Recovering from self-mutilation and indeed, BPD itself, requires that you find that authentic self, that child within that holds both your past pain and that essence of you and connect with him/her in a deep and profound way. This can only happen when you make the choice to stop abusing yourself and to feel the feelings that your inner-child has been holding for you for years. Through grieving this child's pain you will then connect to your authentic self (inner-child) and further integrate your past experiences into your adult life.
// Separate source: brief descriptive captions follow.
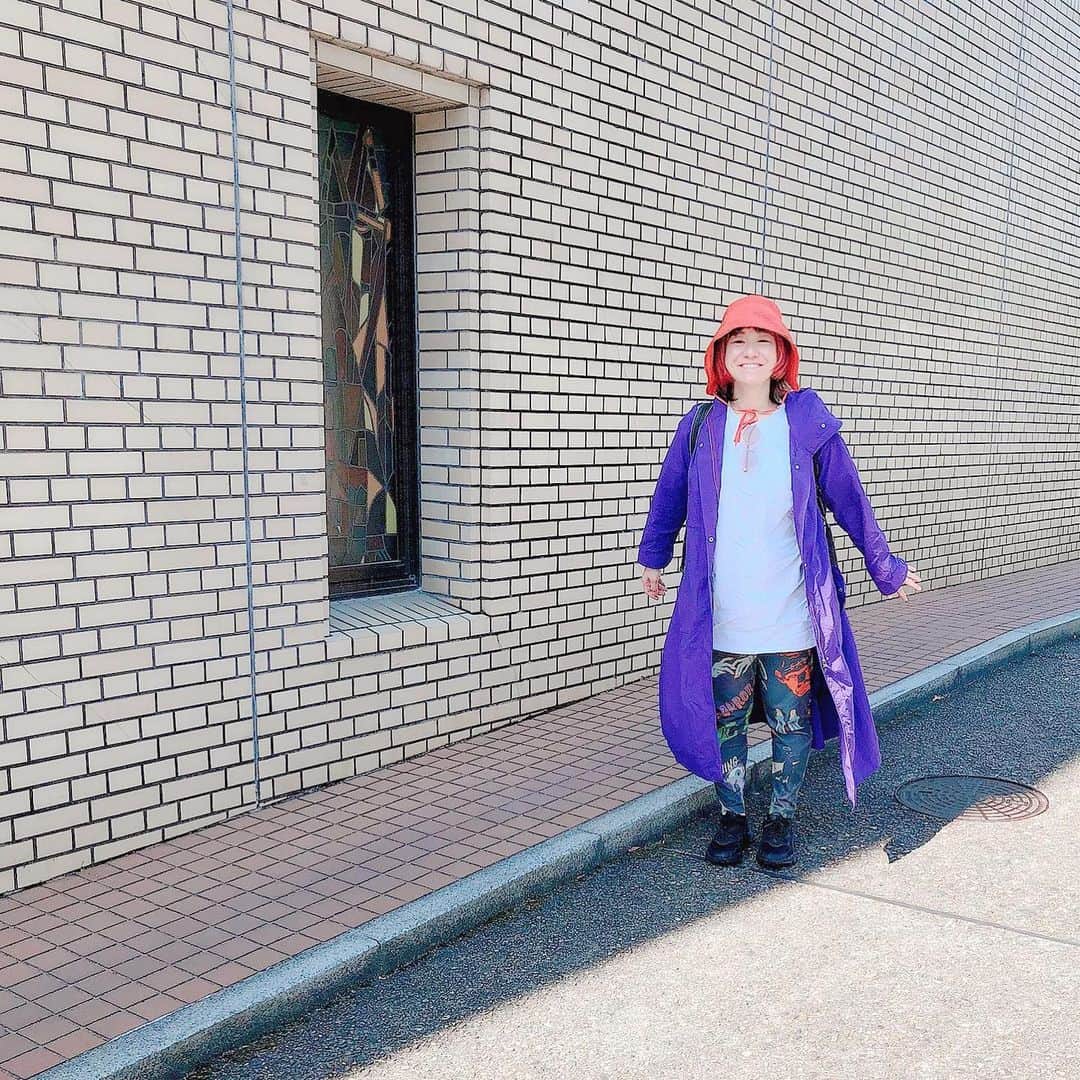 和田美枝のインスタグラム：「パープル💜✖︎オレンジ🧡 #eeお天気 #スプリングコート #さすがに暑い #汗を出すには丁度いい #サウナスーツ的な #今日おろして今日しまう #植木鉢のような #帽子 #これからが出番」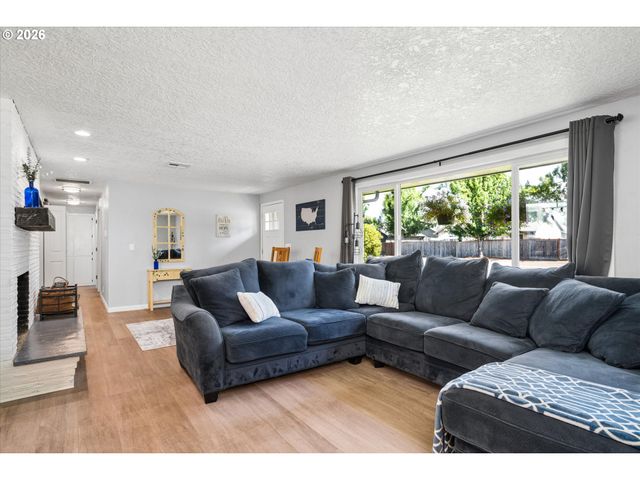6731 THURSTON Rd, Springfield, OR 97478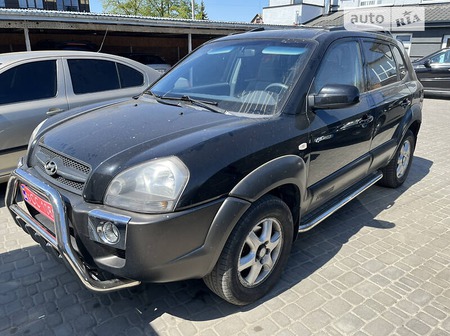 Hyundai Tucson 2005  випуску Луцьк з двигуном 2 л дизель позашляховик механіка за 5500 долл. 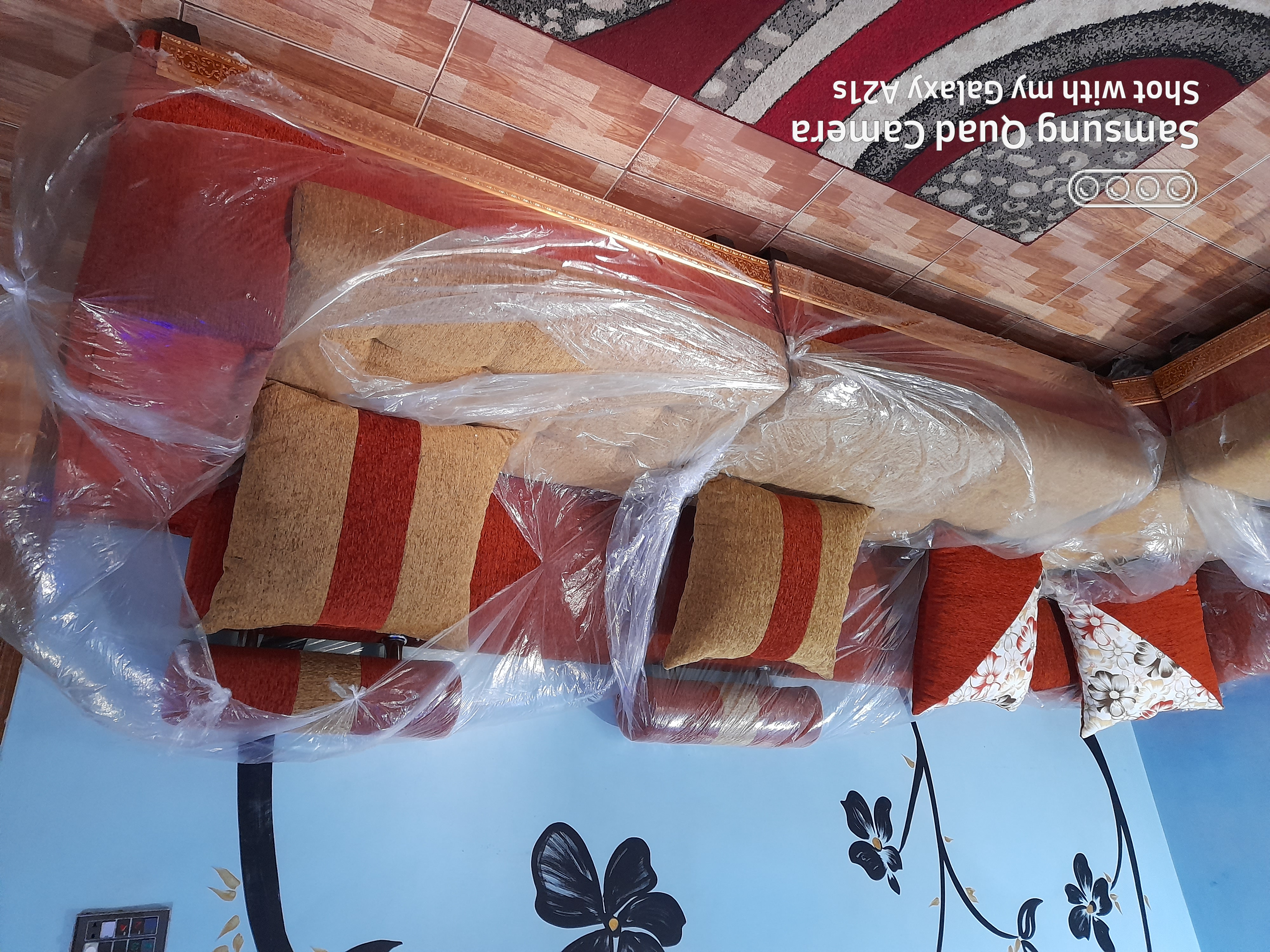 10seater corner sofa 11by 8 size available 4 pieces foam. Molty Foam strong body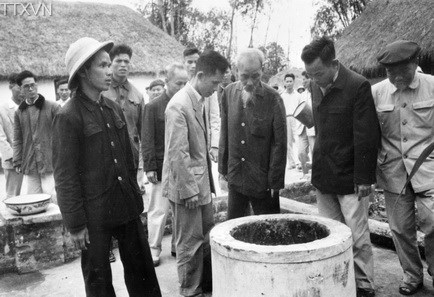 Bác Hồ thăm xã Nam Chính, huyện Nam Sách, tỉnh Hải Hưng (năm 1965). Tại đây, Bác Hồ đã căn dặn phải chú ý thực hiện nếp sống mới.
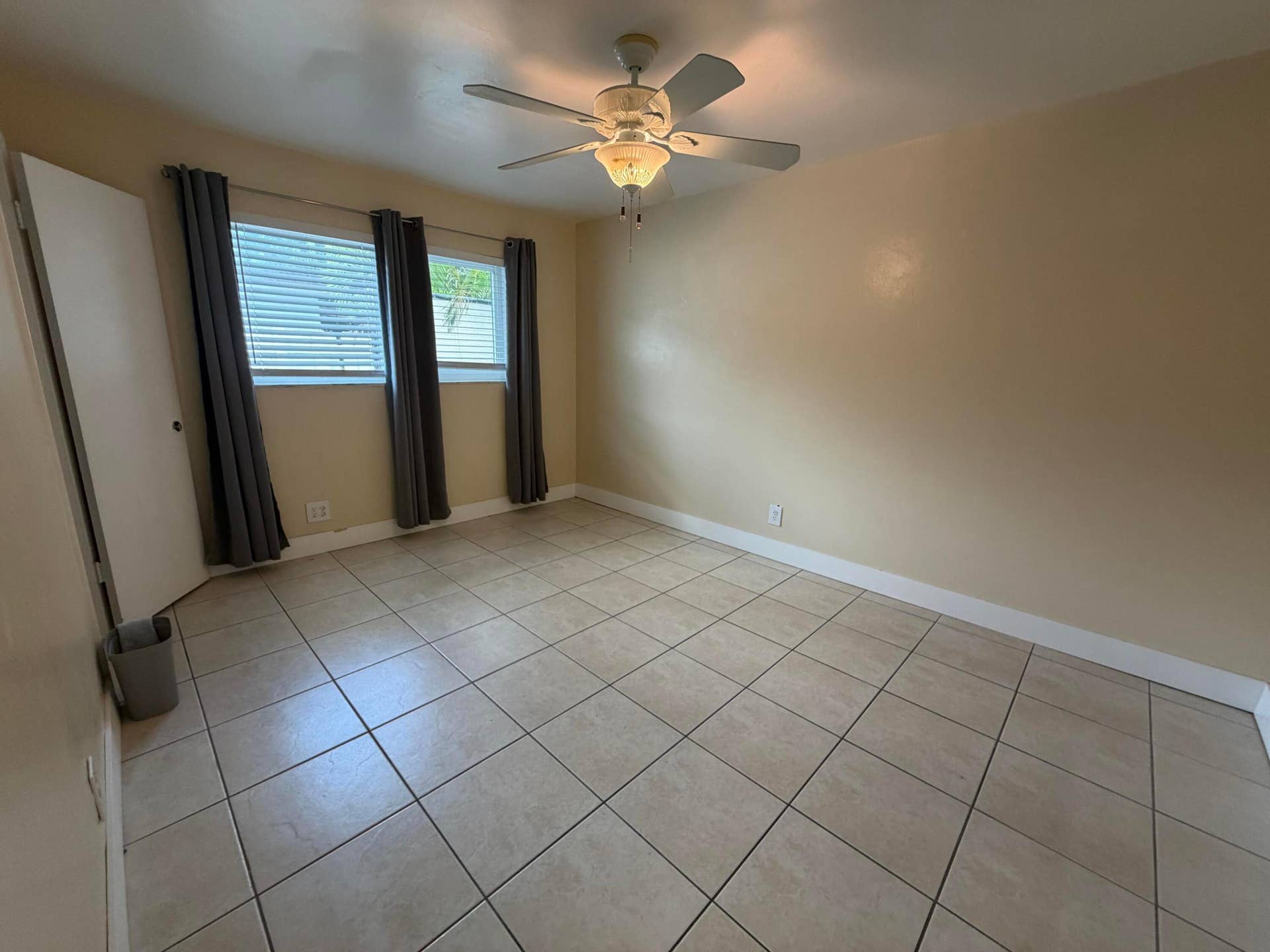 905 SE 15TH Street, #2, Fort Lauderdale, FL 33316 IMG_6683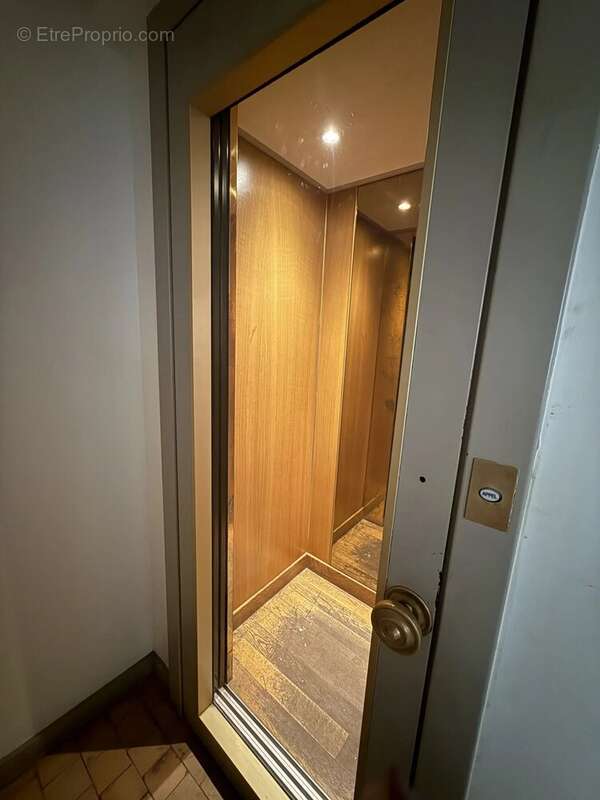 Appartement à PARIS-3E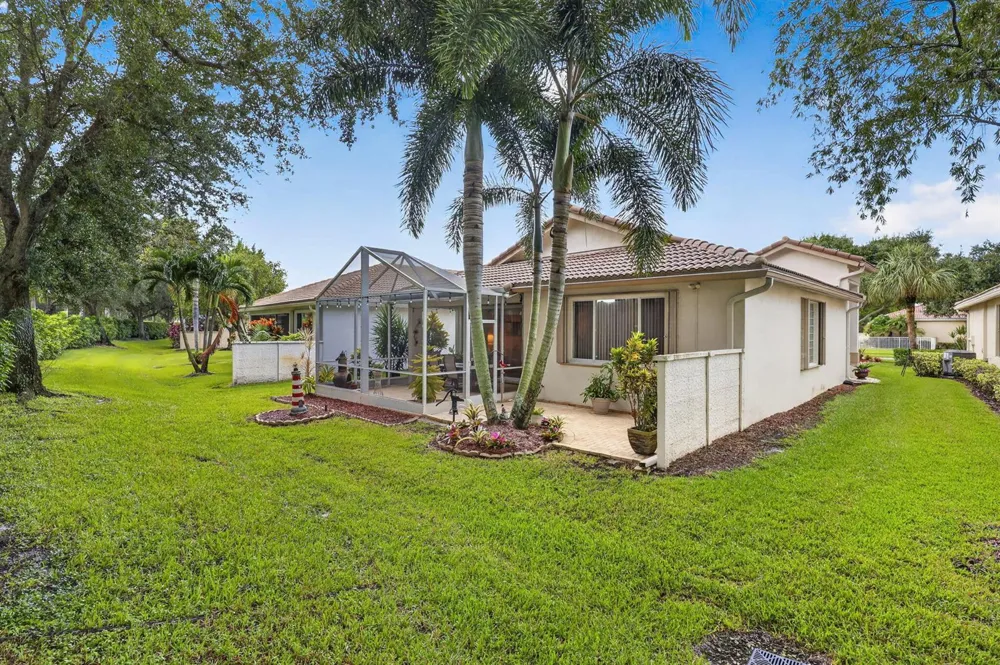 2260 Sapphire Circle West Palm Beach, FL 33411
This is the emotional maturation needed to overcome BPD. When you are much more connected to your true self you will then be able to connect to the world in ways which build relationships in the here and now as opposed to the borderline way of trying to re-live and fix past relationships from the past in your here and now which ruins those present-day relationships, alienates you, leaves you isolated, lonely, and feeling that profound re-abandonment over and over again.

Self-Mutilation is abandonment of the self. It is living in and through your false self. It is not your destiny. It is not what you deserve. It is not the measure of your worth. Your past and any and all abuse suffered in your past is not a reflection on who you really are or the inherent worth that you have because you simply are, you. Believe that. Trust that. Seek to know your real self and you will find your way out of this most painful,trapping and self annihilating behaviour. You deserve so much more. You deserve to feel and to heal the pain that you have lived with for so long. And when you choose to do just that you really can do just that. I won't sugar-coat it, healing that pain is often a long process, it is involved and it takes dedicated determination and the shedding of millions of tears.

What it all comes down to is self-mutilation or releasing your self from the legacy of your past and your most profound pain. You cannot learn to soothe yourself while you are still hurting yourself and perpetuating all the pain that you have had inflicted upon you in your past.

Before I could get to my pain and heal it I had to STOP all my self-harming behaviour. To do anything less would never have been enough to further integrate my inner-child and to gain the trust of this most precious and hurting little one. In order to find new ways of coping and to be able to find and feel your pain you must first make the decision to stop the self-mutilation that, for many borderlines, is running and further ruining their lives.

You can recover from the pain that so haunts you. You can make new choices. You can recover from self-mutilating behaviour. You can let go of your past. You can welcome in the here and now and you can dare to dream about your future.